EXERCISE GOAL — A word-for-word copy is required of the line containing "Ch08S - Financial" and of each line after it in the material below, through the last one.

THE DATA —
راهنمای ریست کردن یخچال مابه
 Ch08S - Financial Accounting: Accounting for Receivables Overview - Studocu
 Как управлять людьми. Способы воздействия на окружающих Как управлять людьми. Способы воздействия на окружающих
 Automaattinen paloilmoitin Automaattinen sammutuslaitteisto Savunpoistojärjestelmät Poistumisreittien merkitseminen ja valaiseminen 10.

REPLY —
 Ch08S - Financial Accounting: Accounting for Receivables Overview - Studocu
 Как управлять людьми. Способы воздействия на окружающих Как управлять людьми. Способы воздействия на окружающих
 Automaattinen paloilmoitin Automaattinen sammutuslaitteisto Savunpoistojärjestelmät Poistumisreittien merkitseminen ja valaiseminen 10.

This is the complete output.